One man is credited for saving the art of Birch bark canoe construction from extinction, Edwin Tappan Abney. July 13, 1868 in Athens, Ohio - October
An artist, a writer (The Klondike Stampede), a student of the language of the Maliseet peoples of New Brunswick, Canada, and the man credited with
saving the art of birchbark canoe construction from oblivion. He constructed more than 100 one-fifth scale models of different types of canoes, which
are now housed at the Mariners' Museum in Newport News, VA.

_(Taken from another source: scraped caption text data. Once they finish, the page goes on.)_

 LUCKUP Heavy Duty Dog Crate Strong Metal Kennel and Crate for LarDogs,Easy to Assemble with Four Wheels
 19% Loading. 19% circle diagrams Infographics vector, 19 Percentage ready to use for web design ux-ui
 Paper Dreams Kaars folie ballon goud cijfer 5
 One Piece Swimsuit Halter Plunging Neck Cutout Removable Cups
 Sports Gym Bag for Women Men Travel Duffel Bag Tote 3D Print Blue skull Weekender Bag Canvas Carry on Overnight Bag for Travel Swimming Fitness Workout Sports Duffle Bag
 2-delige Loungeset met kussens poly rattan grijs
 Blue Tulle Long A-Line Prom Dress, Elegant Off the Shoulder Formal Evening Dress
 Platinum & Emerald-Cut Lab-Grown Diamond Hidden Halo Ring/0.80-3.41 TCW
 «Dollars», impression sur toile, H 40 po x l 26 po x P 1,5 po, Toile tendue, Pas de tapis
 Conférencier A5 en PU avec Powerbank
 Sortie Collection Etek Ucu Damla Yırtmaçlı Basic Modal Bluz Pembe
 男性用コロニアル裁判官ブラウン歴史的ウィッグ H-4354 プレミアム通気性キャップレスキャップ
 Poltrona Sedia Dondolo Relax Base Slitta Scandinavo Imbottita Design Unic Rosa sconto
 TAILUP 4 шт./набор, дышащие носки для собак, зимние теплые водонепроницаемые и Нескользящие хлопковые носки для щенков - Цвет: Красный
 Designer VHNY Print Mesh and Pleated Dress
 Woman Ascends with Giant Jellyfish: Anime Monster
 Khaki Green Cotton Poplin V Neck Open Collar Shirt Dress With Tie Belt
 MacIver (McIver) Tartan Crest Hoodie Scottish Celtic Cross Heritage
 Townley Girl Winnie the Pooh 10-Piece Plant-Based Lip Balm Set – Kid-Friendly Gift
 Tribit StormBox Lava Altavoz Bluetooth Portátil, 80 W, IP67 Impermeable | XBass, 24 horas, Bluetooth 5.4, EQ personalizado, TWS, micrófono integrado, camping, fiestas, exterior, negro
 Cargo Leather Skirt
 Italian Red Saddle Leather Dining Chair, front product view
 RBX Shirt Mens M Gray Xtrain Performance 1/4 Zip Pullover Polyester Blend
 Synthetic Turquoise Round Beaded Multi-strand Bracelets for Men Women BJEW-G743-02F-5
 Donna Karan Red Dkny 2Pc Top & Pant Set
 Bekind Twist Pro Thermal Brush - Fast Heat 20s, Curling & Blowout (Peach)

He was a great observer of minute details of how the Maliseet's constructed their canoes in 1880's.
While traveling thru the Great Lakes region, Main and New Brunswick, he made 100's of detailed drawings and sub-scale models of various Native
American birchbark canoes. He made his one full-scale canoe with help from a Maliseet expert builder. He was planning on publishing them in a book
when he died in 1950.
These artifacts were given to Howard Chapelle an American naval architect, and curator of maritime history at the Smithsonian Institution, Washington,
D.C. In addition, he authored many books and articles on maritime history and marine architecture.His compilation resulted in a 1983 book "The Bark
Canoes and Skin Boats of North America".
Book detals on Amazon
This book inspired many current expert builders of birchbark canoes. Henri Vaillancout is one of them.
Henri Vallaincourt Website
He was commissioned by Michael Eisner (past Disney CEO) to build one for EPCOT Center and one for his personnal collection.
This book also started current Native Indian Tribes in beginning classes for members to re-learn the trade.
I found a site that explains how water is one of the traditions ingrained in their beliefs:
Native American Traditions and student classes
The winter harvested bark is needed for the intricate Indian Pictorals.
In summary, this is very ancient human technology...for thousands of years refined by water-based cultures. Adding this to your bush-craft survival
skills benefits your mind, body, and soul.